● **TASK ITEM**: Using the records below, quote only the span that opens with the line containing "Immunohistochemistry of paraffin-embedded" and closes with the line containing "Acne Makeup", exactly and inclusively.

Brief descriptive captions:
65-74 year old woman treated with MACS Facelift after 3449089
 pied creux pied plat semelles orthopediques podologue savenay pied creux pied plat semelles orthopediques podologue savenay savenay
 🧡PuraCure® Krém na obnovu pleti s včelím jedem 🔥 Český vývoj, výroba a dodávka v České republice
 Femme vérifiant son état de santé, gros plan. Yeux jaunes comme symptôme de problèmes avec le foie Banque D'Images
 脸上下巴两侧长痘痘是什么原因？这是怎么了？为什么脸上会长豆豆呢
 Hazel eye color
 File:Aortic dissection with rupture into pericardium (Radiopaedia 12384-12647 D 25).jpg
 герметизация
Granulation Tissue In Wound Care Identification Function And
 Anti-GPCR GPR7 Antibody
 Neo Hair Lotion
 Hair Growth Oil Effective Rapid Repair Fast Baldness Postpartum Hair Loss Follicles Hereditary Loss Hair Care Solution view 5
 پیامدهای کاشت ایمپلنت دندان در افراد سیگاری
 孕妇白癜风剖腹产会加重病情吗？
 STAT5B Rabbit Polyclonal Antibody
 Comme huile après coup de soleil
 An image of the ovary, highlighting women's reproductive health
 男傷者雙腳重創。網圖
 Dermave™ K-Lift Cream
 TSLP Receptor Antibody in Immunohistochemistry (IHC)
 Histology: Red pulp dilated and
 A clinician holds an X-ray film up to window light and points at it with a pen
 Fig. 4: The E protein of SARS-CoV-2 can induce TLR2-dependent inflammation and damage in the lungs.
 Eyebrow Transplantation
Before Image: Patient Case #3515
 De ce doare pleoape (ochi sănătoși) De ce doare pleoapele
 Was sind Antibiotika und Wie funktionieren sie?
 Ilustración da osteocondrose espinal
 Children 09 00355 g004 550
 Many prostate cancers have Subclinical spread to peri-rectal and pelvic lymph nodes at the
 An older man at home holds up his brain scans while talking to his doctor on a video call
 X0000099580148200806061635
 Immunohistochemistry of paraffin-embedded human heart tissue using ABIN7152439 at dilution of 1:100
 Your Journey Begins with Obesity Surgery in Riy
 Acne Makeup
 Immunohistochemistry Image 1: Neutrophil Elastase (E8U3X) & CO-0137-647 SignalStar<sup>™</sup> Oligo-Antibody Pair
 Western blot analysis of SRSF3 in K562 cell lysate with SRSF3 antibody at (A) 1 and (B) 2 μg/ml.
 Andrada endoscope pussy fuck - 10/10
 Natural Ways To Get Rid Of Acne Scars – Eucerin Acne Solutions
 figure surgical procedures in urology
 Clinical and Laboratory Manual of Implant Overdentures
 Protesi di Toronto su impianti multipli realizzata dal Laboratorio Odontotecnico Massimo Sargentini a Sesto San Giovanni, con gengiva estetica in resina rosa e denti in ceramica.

● **SOLUTION**:
 Immunohistochemistry of paraffin-embedded human heart tissue using ABIN7152439 at dilution of 1:100
 Your Journey Begins with Obesity Surgery in Riy
 Acne Makeup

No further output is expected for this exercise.